This task calls for the complete listing below, reproduced exactly.

[Start of section]

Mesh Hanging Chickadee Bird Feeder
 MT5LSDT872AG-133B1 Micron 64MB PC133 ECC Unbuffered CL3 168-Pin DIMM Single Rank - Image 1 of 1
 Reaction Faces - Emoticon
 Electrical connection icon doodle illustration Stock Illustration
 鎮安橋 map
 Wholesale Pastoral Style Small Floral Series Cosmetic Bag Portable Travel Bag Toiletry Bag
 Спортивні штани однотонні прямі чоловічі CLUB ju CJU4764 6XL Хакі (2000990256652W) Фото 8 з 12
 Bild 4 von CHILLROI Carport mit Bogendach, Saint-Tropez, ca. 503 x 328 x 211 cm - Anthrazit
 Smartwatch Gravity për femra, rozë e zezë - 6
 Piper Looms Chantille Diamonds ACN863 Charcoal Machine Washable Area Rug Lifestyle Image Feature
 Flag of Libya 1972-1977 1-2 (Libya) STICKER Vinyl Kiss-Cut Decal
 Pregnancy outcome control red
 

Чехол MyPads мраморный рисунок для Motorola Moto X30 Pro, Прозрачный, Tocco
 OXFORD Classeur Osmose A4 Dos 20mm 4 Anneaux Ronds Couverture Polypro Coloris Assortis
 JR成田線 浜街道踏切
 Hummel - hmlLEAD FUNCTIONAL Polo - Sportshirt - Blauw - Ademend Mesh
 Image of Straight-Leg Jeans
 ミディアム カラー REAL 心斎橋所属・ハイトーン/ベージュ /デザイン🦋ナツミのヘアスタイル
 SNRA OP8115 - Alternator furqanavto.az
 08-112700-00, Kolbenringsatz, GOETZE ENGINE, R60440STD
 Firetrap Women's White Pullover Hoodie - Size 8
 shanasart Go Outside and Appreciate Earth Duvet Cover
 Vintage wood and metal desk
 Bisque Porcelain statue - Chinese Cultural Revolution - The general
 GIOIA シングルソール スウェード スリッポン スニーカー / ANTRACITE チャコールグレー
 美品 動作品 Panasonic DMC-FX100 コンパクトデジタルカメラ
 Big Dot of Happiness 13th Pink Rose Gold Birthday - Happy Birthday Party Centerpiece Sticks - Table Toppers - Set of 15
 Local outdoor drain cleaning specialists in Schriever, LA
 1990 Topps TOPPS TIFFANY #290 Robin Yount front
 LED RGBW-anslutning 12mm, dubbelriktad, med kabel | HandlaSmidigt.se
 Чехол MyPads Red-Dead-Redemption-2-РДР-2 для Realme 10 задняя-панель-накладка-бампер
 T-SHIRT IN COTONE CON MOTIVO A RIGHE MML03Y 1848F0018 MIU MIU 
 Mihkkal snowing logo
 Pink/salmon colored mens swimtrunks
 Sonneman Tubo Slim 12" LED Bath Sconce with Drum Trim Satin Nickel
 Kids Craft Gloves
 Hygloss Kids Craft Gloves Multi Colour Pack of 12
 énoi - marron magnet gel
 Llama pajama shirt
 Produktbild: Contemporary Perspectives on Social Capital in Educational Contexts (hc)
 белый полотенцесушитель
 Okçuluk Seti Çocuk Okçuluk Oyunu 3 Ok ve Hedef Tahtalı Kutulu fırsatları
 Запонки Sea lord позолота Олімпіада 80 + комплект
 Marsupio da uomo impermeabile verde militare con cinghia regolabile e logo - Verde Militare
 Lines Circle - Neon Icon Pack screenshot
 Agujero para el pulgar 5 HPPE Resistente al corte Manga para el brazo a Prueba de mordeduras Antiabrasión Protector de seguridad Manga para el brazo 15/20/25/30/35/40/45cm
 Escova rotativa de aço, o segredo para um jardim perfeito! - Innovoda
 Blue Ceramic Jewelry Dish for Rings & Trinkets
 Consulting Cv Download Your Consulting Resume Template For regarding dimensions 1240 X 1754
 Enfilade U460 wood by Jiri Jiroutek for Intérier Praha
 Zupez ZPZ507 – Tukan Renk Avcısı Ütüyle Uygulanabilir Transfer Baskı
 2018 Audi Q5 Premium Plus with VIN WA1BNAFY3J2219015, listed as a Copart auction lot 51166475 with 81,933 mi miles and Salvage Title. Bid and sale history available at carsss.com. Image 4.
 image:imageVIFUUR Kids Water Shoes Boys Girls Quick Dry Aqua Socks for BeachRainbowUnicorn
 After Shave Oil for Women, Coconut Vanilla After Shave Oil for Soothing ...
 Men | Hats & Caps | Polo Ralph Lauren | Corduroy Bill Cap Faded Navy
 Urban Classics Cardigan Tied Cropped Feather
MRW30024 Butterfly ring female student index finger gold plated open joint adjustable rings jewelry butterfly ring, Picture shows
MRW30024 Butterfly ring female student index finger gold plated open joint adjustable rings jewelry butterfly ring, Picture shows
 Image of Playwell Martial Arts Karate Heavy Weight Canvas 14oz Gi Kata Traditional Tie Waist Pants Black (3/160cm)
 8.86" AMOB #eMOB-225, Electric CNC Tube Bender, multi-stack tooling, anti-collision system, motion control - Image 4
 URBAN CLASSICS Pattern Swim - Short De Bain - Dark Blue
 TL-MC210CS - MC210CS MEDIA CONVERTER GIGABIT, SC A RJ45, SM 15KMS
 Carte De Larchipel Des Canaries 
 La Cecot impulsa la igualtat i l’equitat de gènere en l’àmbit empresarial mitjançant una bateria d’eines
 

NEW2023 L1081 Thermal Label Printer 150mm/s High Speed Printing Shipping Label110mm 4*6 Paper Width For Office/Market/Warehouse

[End of section]

* [Exercise answer]
Mesh Hanging Chickadee Bird Feeder
 MT5LSDT872AG-133B1 Micron 64MB PC133 ECC Unbuffered CL3 168-Pin DIMM Single Rank - Image 1 of 1
 Reaction Faces - Emoticon
 Electrical connection icon doodle illustration Stock Illustration
 鎮安橋 map
 Wholesale Pastoral Style Small Floral Series Cosmetic Bag Portable Travel Bag Toiletry Bag
 Спортивні штани однотонні прямі чоловічі CLUB ju CJU4764 6XL Хакі (2000990256652W) Фото 8 з 12
 Bild 4 von CHILLROI Carport mit Bogendach, Saint-Tropez, ca. 503 x 328 x 211 cm - Anthrazit
 Smartwatch Gravity për femra, rozë e zezë - 6
 Piper Looms Chantille Diamonds ACN863 Charcoal Machine Washable Area Rug Lifestyle Image Feature
 Flag of Libya 1972-1977 1-2 (Libya) STICKER Vinyl Kiss-Cut Decal
 Pregnancy outcome control red
 

Чехол MyPads мраморный рисунок для Motorola Moto X30 Pro, Прозрачный, Tocco
 OXFORD Classeur Osmose A4 Dos 20mm 4 Anneaux Ronds Couverture Polypro Coloris Assortis
 JR成田線 浜街道踏切
 Hummel - hmlLEAD FUNCTIONAL Polo - Sportshirt - Blauw - Ademend Mesh
 Image of Straight-Leg Jeans
 ミディアム カラー REAL 心斎橋所属・ハイトーン/ベージュ /デザイン🦋ナツミのヘアスタイル
 SNRA OP8115 - Alternator furqanavto.az
 08-112700-00, Kolbenringsatz, GOETZE ENGINE, R60440STD
 Firetrap Women's White Pullover Hoodie - Size 8
 shanasart Go Outside and Appreciate Earth Duvet Cover
 Vintage wood and metal desk
 Bisque Porcelain statue - Chinese Cultural Revolution - The general
 GIOIA シングルソール スウェード スリッポン スニーカー / ANTRACITE チャコールグレー
 美品 動作品 Panasonic DMC-FX100 コンパクトデジタルカメラ
 Big Dot of Happiness 13th Pink Rose Gold Birthday - Happy Birthday Party Centerpiece Sticks - Table Toppers - Set of 15
 Local outdoor drain cleaning specialists in Schriever, LA
 1990 Topps TOPPS TIFFANY #290 Robin Yount front
 LED RGBW-anslutning 12mm, dubbelriktad, med kabel | HandlaSmidigt.se
 Чехол MyPads Red-Dead-Redemption-2-РДР-2 для Realme 10 задняя-панель-накладка-бампер
 T-SHIRT IN COTONE CON MOTIVO A RIGHE MML03Y 1848F0018 MIU MIU 
 Mihkkal snowing logo
 Pink/salmon colored mens swimtrunks
 Sonneman Tubo Slim 12" LED Bath Sconce with Drum Trim Satin Nickel
 Kids Craft Gloves
 Hygloss Kids Craft Gloves Multi Colour Pack of 12
 énoi - marron magnet gel
 Llama pajama shirt
 Produktbild: Contemporary Perspectives on Social Capital in Educational Contexts (hc)
 белый полотенцесушитель
 Okçuluk Seti Çocuk Okçuluk Oyunu 3 Ok ve Hedef Tahtalı Kutulu fırsatları
 Запонки Sea lord позолота Олімпіада 80 + комплект
 Marsupio da uomo impermeabile verde militare con cinghia regolabile e logo - Verde Militare
 Lines Circle - Neon Icon Pack screenshot
 Agujero para el pulgar 5 HPPE Resistente al corte Manga para el brazo a Prueba de mordeduras Antiabrasión Protector de seguridad Manga para el brazo 15/20/25/30/35/40/45cm
 Escova rotativa de aço, o segredo para um jardim perfeito! - Innovoda
 Blue Ceramic Jewelry Dish for Rings & Trinkets
 Consulting Cv Download Your Consulting Resume Template For regarding dimensions 1240 X 1754
 Enfilade U460 wood by Jiri Jiroutek for Intérier Praha
 Zupez ZPZ507 – Tukan Renk Avcısı Ütüyle Uygulanabilir Transfer Baskı
 2018 Audi Q5 Premium Plus with VIN WA1BNAFY3J2219015, listed as a Copart auction lot 51166475 with 81,933 mi miles and Salvage Title. Bid and sale history available at carsss.com. Image 4.
 image:imageVIFUUR Kids Water Shoes Boys Girls Quick Dry Aqua Socks for BeachRainbowUnicorn
 After Shave Oil for Women, Coconut Vanilla After Shave Oil for Soothing ...
 Men | Hats & Caps | Polo Ralph Lauren | Corduroy Bill Cap Faded Navy
 Urban Classics Cardigan Tied Cropped Feather
MRW30024 Butterfly ring female student index finger gold plated open joint adjustable rings jewelry butterfly ring, Picture shows
MRW30024 Butterfly ring female student index finger gold plated open joint adjustable rings jewelry butterfly ring, Picture shows
 Image of Playwell Martial Arts Karate Heavy Weight Canvas 14oz Gi Kata Traditional Tie Waist Pants Black (3/160cm)
 8.86" AMOB #eMOB-225, Electric CNC Tube Bender, multi-stack tooling, anti-collision system, motion control - Image 4
 URBAN CLASSICS Pattern Swim - Short De Bain - Dark Blue
 TL-MC210CS - MC210CS MEDIA CONVERTER GIGABIT, SC A RJ45, SM 15KMS
 Carte De Larchipel Des Canaries 
 La Cecot impulsa la igualtat i l’equitat de gènere en l’àmbit empresarial mitjançant una bateria d’eines
 

NEW2023 L1081 Thermal Label Printer 150mm/s High Speed Printing Shipping Label110mm 4*6 Paper Width For Office/Market/Warehouse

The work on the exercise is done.